Israel-Turkey relations have long swung up and down. The two countries were once close, but the political distance widened sharply under President Recep Tayyip Erdogan. In recent years, the relationship has come under even greater strain because of the wars in Gaza, Lebanon and Iran, all of which have shaped diplomatic calculations in Tel Aviv.
According to a source cited by international media, Israel’s cabinet approved the proposal unanimously. Still, there is no fixed date for when the plan will be brought to the Knesset.

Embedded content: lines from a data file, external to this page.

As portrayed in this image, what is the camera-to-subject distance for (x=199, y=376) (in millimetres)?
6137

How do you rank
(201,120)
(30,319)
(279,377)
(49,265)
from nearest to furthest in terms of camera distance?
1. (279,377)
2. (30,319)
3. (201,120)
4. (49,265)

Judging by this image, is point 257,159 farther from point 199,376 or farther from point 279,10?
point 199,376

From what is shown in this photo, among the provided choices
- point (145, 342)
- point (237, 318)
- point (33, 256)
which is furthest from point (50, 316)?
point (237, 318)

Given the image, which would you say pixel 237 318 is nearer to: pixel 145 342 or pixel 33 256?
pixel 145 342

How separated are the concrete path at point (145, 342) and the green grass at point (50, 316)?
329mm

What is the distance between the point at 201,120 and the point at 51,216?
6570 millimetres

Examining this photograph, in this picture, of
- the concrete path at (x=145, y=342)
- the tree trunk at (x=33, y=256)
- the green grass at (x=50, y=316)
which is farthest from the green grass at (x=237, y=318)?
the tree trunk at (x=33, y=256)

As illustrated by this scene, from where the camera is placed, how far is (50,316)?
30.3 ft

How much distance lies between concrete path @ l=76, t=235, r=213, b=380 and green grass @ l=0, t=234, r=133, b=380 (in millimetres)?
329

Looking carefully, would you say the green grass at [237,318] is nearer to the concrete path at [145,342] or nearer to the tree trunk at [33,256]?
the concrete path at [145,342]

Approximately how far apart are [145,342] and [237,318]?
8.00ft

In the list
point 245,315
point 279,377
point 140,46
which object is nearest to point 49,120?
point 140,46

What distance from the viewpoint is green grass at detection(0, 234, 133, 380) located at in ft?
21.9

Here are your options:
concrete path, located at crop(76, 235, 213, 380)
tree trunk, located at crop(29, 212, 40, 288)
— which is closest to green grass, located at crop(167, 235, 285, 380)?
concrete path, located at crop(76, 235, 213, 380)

The Israeli government also had not received a direct reaction from Ankara when the decision was announced.
A long history of denial and casualty estimates
Historians estimate that up to 1.5 million Armenians died at the hands of Ottoman forces around the time of World War I. Many scholars view the episode as the first genocide of the 20th century. Turkey rejects that label. Ankara argues that the death toll has been exaggerated and that the deaths occurred amid civil war and security turmoil as the empire collapsed.

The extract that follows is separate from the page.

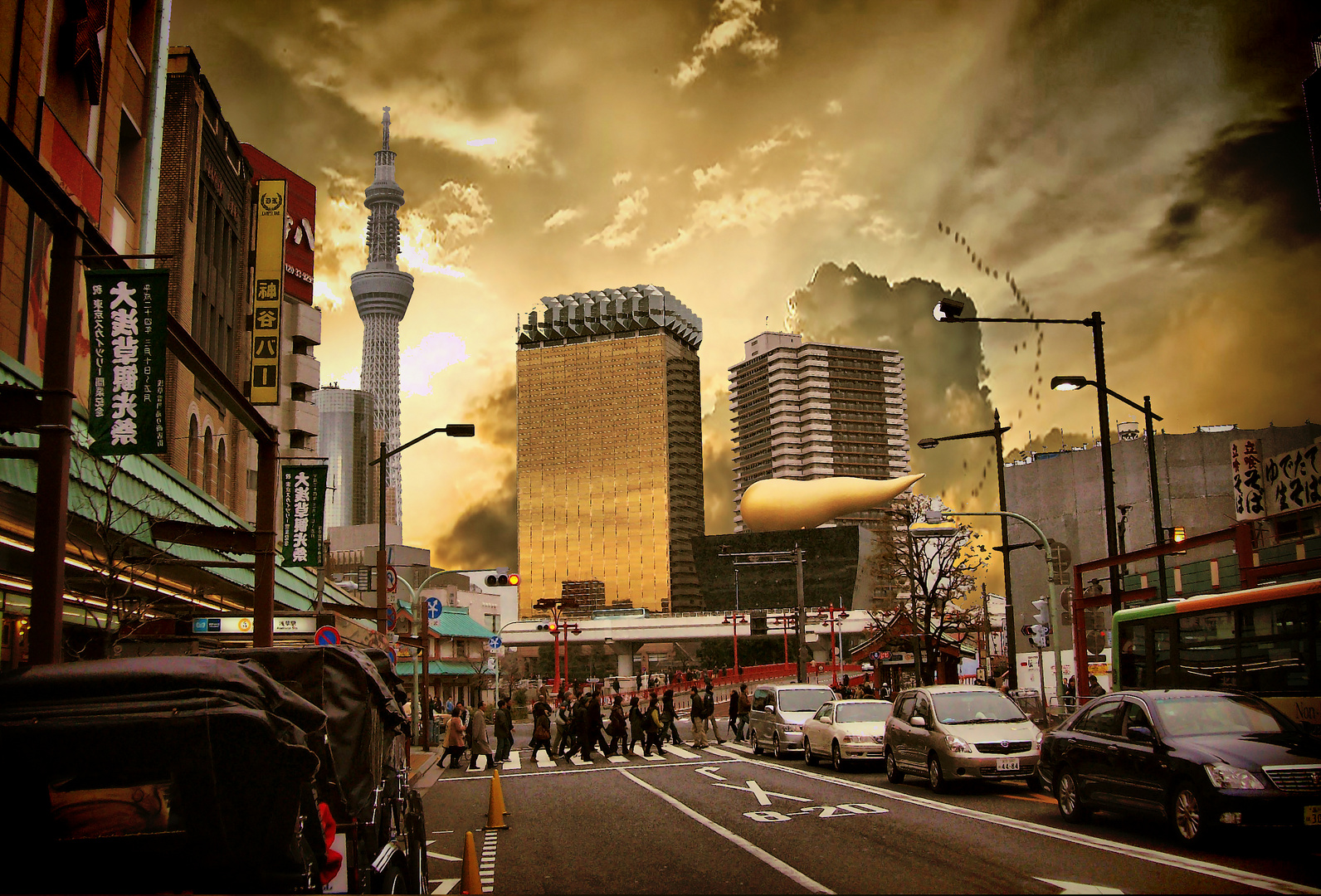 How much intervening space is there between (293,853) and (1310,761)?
1004cm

The dispute has dragged on for a very long time. Turkey has lobbied hard to prevent other countries from using the genocide label, while Armenian communities have kept pressing for formal recognition. At least 32 countries, including the United States, Syria and Lebanon, now classify the mass killing as genocide, according to Saar.
Israel itself has long been cautious on the issue. For years, its governments avoided taking an official stance, fearing a backlash from Turkey. But the political mood has changed, and that old diplomatic caution no longer seems strong enough to block a symbolic decision like this one.
There is a wider context, too. Israel has recently been accused by the UN and by Turkey of committing genocide in Gaza, an accusation Israel rejects sharply. The Israeli government says its military campaign in Gaza is a response to Hamas’ Oct. 7, 2023 attack. Gaza’s Health Ministry, which operates under Hamas, says more than 73,000 people have been killed, half of them women and children.
Israel rejects both the figures and the accusation. Yet in the middle of that dispute over the word genocide, the cabinet’s decision on Armenia opens a new chapter. If the Knesset gives the green light, Israel will join countries that have formally named the dark episode for what they say it was. From there, the road with Turkey could get even more complicated.